ErrorTracker

Revision 12 as of 2011-08-29 21:18:15

Rationale

To help Ubuntu reach a standard of quality similar to competing operating systems, developers should spend less time asking for information on individual bug reports, and more time fixing the bugs that affect users most often.

To determine which bugs those are, we should collect crash and hang reports from as many people as possible, before and after release. This means not requiring people to sign in to any Web site, enter any text, submit hundreds of megabytes of data, receive e-mail, or do anything more complicated than clicking a button. An automated system should then analyze which problems are caused by the same bug. If developers need more information about a particular kind of crash, they should be able to configure the system to automatically retrieve that information when the problem next occurs.

Statistics collected by Microsoft show that a bug reported by their Windows Error Reporting system “is 4.5 to 5.1 times more likely to be fixed than a bug reported directly by a human”, that fixing the right 1 percent of bugs addresses 50 percent of customer issues, and that fixing 20 percent of bugs addresses 80 percent of customer issues.

Prior art

Windows Error Reporting is probably the most advanced crash reporting system. As described in “Debugging in the (very) large: Ten years of implementation and experience” (PDF), it uses progressive data collection, where developers can request more than the “minidump” if necessary to understand particular problems. It also automatically notifies users if a software update fixes their problem. And hardware vendors can see crash reports specific to their hardware.

Mac OS X has a CrashReporter system that submits crash data to Apple. As described in Technical Note TN2123, “There is currently no way for third party developers to access the reports submitted via CrashReporter”.

As a result, some Mac software developers have created their own crash tracking systems, such as Adobe’s and Adium’s.

Mozilla uses Breakpad to collect and submit minidumps on the client side, and Socorro to analyze and present them on the server side.
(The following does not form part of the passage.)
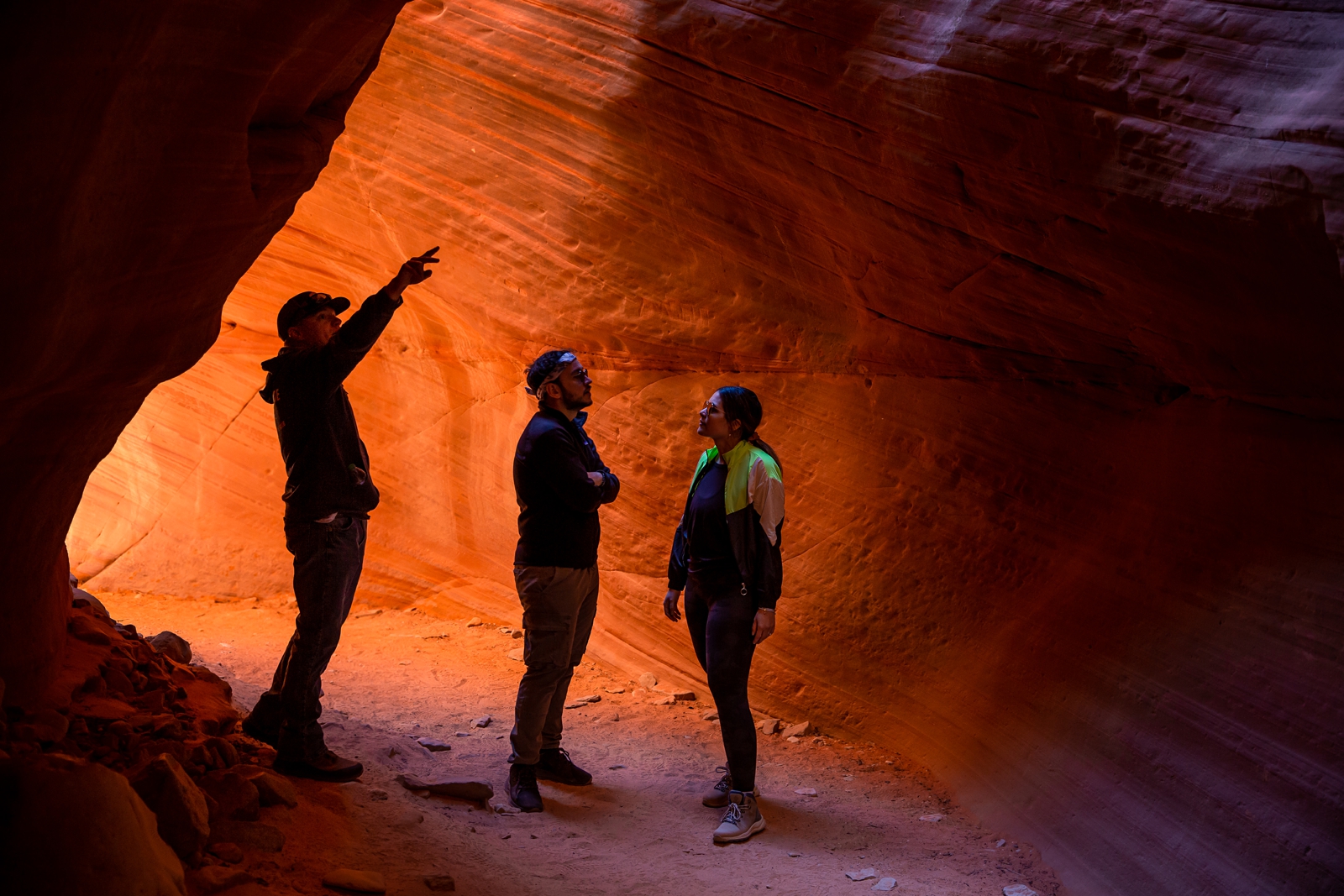 A Couple and their tour guide walking through the Utah slot canyon during their hiking adventure through the antelope canyon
Anyone can access crash data at crash-stats.mozilla.com.

Android uses Google Feedback: http://android-developers.blogspot.com/2010/05/google-feedback-for-android.html

There is a google project for cross platform crashdump capturing.

There is a django project called 'sentry' for web server error analysis (that has a cassandra backend I'm told).

The Launchpad SOA has an active discussion around their requirements at https://dev.launchpad.net/LEP/OopsDisplay. They plan to split out various crash report tools from Launchpad into reusable python modules. It is unknown at this point if they'll be generic enough to fit Ubuntu's needs. Launchpad suspects this could fulfill needs for: Ubuntu One, Landscape, Canonical ISD (SSO etc.), Ubuntu; possibly also Drizzle, OpenERP, OpenStack.

Client design

When there is an error, an alert should appear with text and buttons depending on the situation.

	The problem can be reported	Your admin has blocked problem reporting
Part of the OS crashes
An application thread crashes		(no alert shown)
An application crashes
An application hangs

If you choose “Report…”, a secondary dialog should appear on top of the alert.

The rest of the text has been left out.